Scope of Application

Once a schema is configured and loaded for empty tag auto-closing, any content that references that schema and is loaded from an external source is automatically repaired as directed by that schema.

Disabling Empty Tag Auto-Close

There are several ways to disable load-time empty tag auto-close repair:

  1. Disable content repair at load-time using the applicable option for your chosen language interface.
  2. Remove the corresponding schema from the database and ensure that none of the content to be loaded in the future still references that schema.
  3. Modify the referenced schema to remove the empty tag definitions.
Removing the schema from the database does not impact documents already loaded under the rubric of that schema, at least with respect to their empty tags being properly closed. To the extent that the schema in question contains other information about the content that is used during query processing, you should consider the removal of the schema from the database carefully.

Schema-Driven Tag Repair

MarkLogic Server supports the use of XML schemas for more complex schema-driven tag repair. This enables you to use XML schemas to define a set of general rules that govern how various elements interact hierarchically within an XML document.

What Schema-Driven Tag Repair Does

For example, consider the following SGML document snippet:

<book>
<section><para>This is a paragraph in section 1.
<section><para>This is a paragraph in section 2.
</book>

This snippet illustrates one of the key challenges created by interpreting markup languages as XML. Under default settings, the server repairs and loads this content as follows (indentation and line breaks added for clarification):

<book>
  <section>
    <para>
    This is a paragraph in section 1.
      <section>       
        <para>This is a paragraph in section 2.</para>
      </section>    </para>
  </section>
</book>

The repaired content shown above is almost certainly not what the author intended. However, it is all that the server can accomplish using only general-purpose tag repair.

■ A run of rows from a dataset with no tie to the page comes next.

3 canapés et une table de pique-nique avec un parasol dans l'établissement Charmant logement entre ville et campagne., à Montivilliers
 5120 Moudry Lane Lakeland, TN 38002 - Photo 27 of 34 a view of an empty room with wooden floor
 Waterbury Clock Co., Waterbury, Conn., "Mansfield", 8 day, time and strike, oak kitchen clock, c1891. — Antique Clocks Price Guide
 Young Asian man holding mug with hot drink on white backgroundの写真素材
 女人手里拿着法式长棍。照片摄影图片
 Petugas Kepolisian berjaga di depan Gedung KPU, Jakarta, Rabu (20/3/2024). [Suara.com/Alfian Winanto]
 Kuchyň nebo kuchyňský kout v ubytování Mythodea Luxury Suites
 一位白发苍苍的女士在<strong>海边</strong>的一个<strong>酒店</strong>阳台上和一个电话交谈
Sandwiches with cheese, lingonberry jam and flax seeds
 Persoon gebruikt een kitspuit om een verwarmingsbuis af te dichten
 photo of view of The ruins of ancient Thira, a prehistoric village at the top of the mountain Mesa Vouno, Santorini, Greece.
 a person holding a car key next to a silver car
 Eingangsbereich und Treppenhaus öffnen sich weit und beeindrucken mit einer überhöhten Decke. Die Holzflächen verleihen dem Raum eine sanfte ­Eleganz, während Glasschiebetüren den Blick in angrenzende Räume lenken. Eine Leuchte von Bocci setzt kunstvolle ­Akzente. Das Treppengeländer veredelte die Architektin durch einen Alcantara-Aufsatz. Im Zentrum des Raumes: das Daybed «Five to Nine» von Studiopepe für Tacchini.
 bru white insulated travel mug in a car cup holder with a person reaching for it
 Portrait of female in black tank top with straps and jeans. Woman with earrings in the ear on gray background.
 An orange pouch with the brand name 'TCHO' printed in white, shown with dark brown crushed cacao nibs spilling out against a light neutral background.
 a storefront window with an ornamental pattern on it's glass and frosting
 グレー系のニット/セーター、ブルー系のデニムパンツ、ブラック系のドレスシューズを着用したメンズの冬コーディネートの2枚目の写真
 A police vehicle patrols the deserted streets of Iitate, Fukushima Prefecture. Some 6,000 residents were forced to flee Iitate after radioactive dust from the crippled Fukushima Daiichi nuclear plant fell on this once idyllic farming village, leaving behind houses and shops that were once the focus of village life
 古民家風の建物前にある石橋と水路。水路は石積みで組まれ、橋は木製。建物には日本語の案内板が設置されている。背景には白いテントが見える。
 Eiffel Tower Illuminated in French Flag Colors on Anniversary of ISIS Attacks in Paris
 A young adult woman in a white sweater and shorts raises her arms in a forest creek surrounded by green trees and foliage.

Schema-driven content repair improves the situation by allowing you to indicate constraints in the relationships between elements by using an XML schema. In this case, you can indicate that a <section> element may only contain <para> elements. Therefore, a <section> element cannot be a child of another <section> element. In addition, you can indicate that <para> element is a simple type that only contains text. Using the schema, MarkLogic Server can improve the quality of content repair that it performs. For example, the server can use the schema to know that it should check to see if there is an open <section> element on the stack whenever it encounters a new <section> element.

The resulting repair of the SGML document snippet shown above is closer to the original intent of the document author:

<book>
  <section>
    <para>
      This is a paragraph in section 1.
    </para>
  </section>
  <section>       
    <para>
      This is a paragraph in section 2.
    </para>
  </section>   
</book>How it works

To take advantage of schema-driven tag repair, you must first define an XML schema that describes the constraints on the relationships between elements. Using this information, when tMarkLogic Server loads content from an external source, it automatically closes tags still open on its stack when it encounters an open tag that would violate the specified constraints.

Unlike general-purpose tag repair, which is triggered by unexpected closing tags, schema-driven tag repair is triggered by unexpected opening tags, so the two different repair models interoperate cleanly. In the worst case, schema-driven tag repair may, as directed by the governing schema for the document being loaded, automatically close an element sooner than that element is explicitly closed in the document itself. This case only occurs when the relationship between elements in the document is at odds with the constraints described in the schema, in which case the schema is used as the dominating decision factor.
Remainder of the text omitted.